So I'm trying to login to Quora using Python and then scrape some stuff.
I'm using Selenium to login to the site. Here's my code:
from selenium import webdriver
from selenium.webdriver.common.keys import Keys
driver = webdriver.Firefox()
driver.get('http://www.quora.com/')
username = driver.find_element_by_name('email')
password = driver.find_element_by_name('password')
username.send_keys('email')
password.send_keys('password')
password.send_keys(Keys.RETURN)
driver.close()
Now the questions:
It took ~4 minutes to find and fill the login form, which painfully slow. Is there something I can do to speed up the process?
When it did login, how do I make sure there were no errors?

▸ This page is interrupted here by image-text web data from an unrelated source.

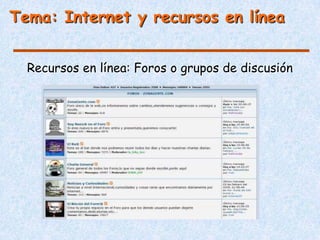 Tema: Internet y recursos en línea


  Recursos en línea: Foros o grupos de discusión
 
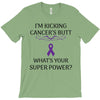 I Am Kicking Cancers Butt Whats Your Superpower? T-Shirt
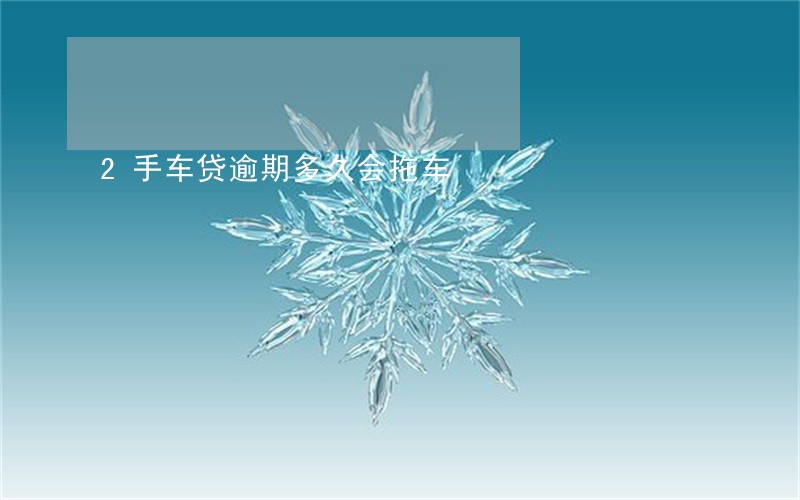 2手车贷逾期多久会拖车 2手车贷逾期多久会拖车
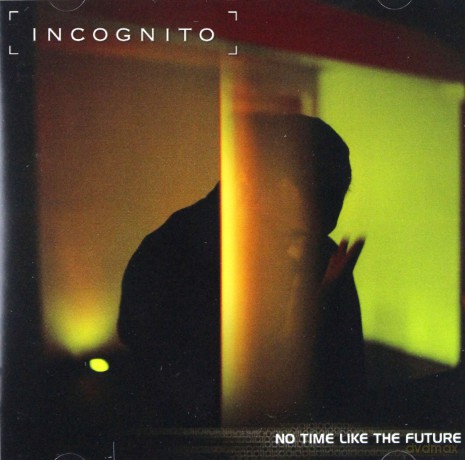 Incognito: No Time Like The Future [CD]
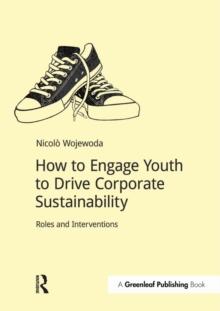 How to Engage Youth to Drive Corporate Sustainability : Roles and Interventions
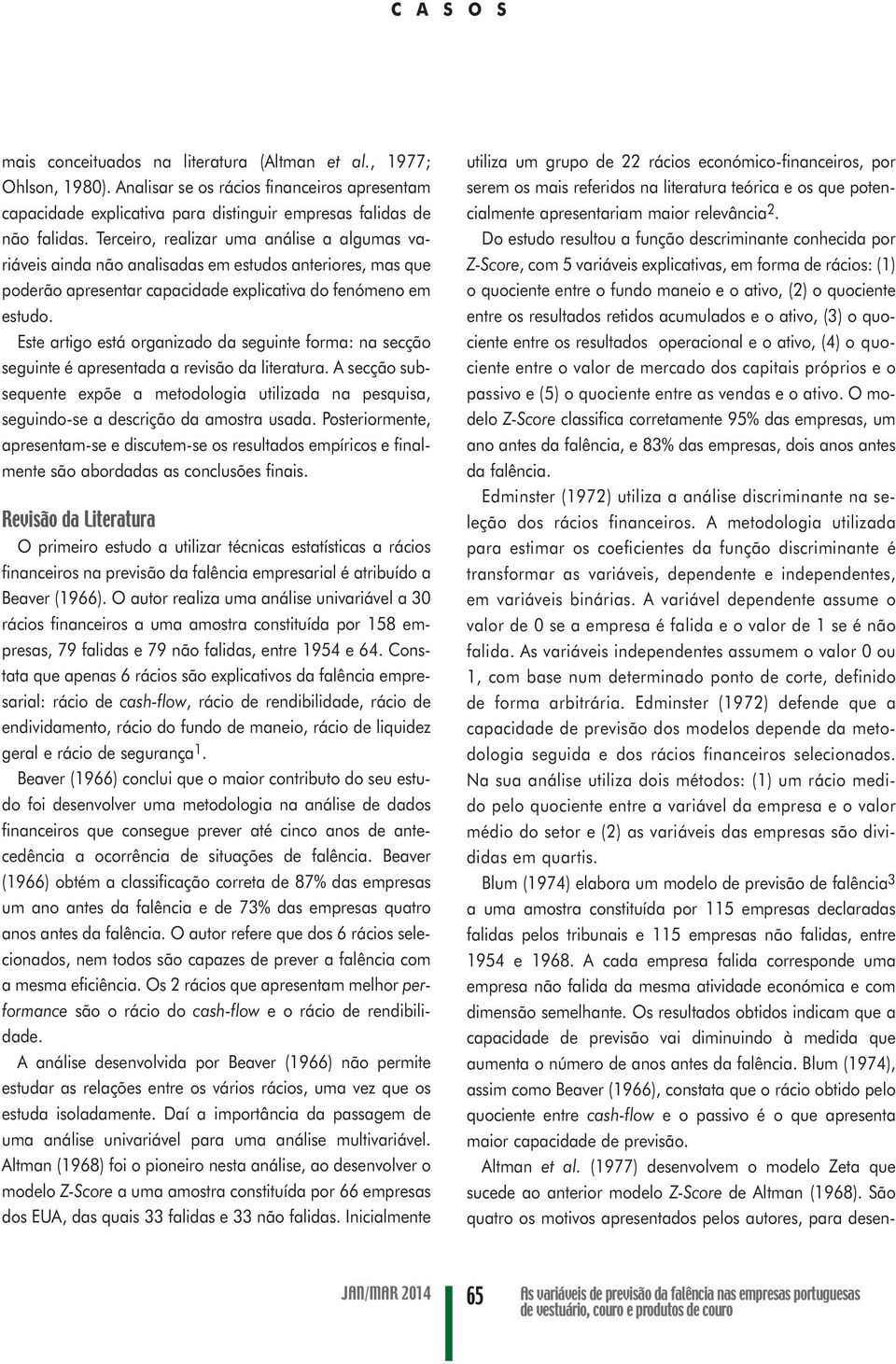 Este artigo está organizado da seguinte forma: na secção seguinte é apresentada a revisão da literatura.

In other words, how do I check the response code?
How do I save cookies with selenium so I can continue scraping once I login?
If there is no way to make selenium faster, is there any other alternative for logging in? (Quora doesn't have an API)
I had a similar problem with very slow find_elements_xxx calls in Python selenium using the ChromeDriver. I eventually tracked down the trouble to a driver.implicitly_wait() call I made prior to my find_element_xxx() calls; when I took it out, my find_element_xxx() calls ran quickly.
Now, I know those elements were there when I did the find_elements_xxx() calls. So I cannot imagine why the implicit_wait should have affected the speed of those operations, but it did.
You can fasten your form filling by using your own setAttribute method, here is code for java for it
public void setAttribute(By locator, String attribute, String value) {
((JavascriptExecutor) getDriver()).executeScript("arguments[0].setAttribute('" + attribute
+ "',arguments[1]);",
getElement(locator),
value);
}
For Windows 7 and IEDRIVER with Python Selenium, Ending the Windows Command Line and restarting it cured my issue.
I was having trouble with find_element..clicks. They were taking 30 seconds plus a little bit. Here's the type of code I have including capturing how long to run.
timeStamp = time.time()
elem = driver.find_element_by_css_selector(clickDown).click()
print("1 took:",time.time() - timeStamp)
timeStamp = time.time()
elem = driver.find_element_by_id("cSelect32").click()
print("2 took:",time.time() - timeStamp)
That was recording about 31 seconds for each click. After ending the command line and restarting it (which does end any IEDRIVERSERVER.exe processes), it was 1 second per click.
Running the web driver headlessly should improve its execution speed to some degree.
from selenium.webdriver import Firefox
from selenium.webdriver.firefox.options import Options
options = Options()
options.add_argument('-headless')
browser = webdriver.Firefox(firefox_options=options)
browser.get('https://google.com/')
browser.close()
I have changed locators and this works fast. Also, I have added working with cookies. Check the code below:
from selenium import webdriver
from selenium.webdriver.common.by import By
from selenium.webdriver.support import expected_conditions as EC
from selenium.webdriver.support.ui import WebDriverWait
from selenium.webdriver.common.keys import Keys
import pickle
driver = webdriver.Firefox()
driver.get('http://www.quora.com/')
wait = WebDriverWait(driver, 5)
username = wait.until(EC.presence_of_element_located((By.XPATH, '//div[@class="login"]//input[@name="email"]')))
password = wait.until(EC.presence_of_element_located((By.XPATH, '//div[@class="login"]//input[@name="password"]')))
username.send_keys('email')
password.send_keys('password')
password.send_keys(Keys.RETURN)
wait.until(EC.presence_of_element_located((By.XPATH, '//span[text()="Add Question"]'))) # checking that user logged in
pickle.dump( driver.get_cookies() , open("cookies.pkl","wb")) # saving cookies
driver.close()
We have saved cookies and now we will apply them in a new browser:
driver = webdriver.Firefox()
driver.get('http://www.quora.com/')
cookies = pickle.load(open("cookies.pkl", "rb"))
for cookie in cookies:
driver.add_cookie(cookie)
driver.get('http://www.quora.com/')
Hope, this will help.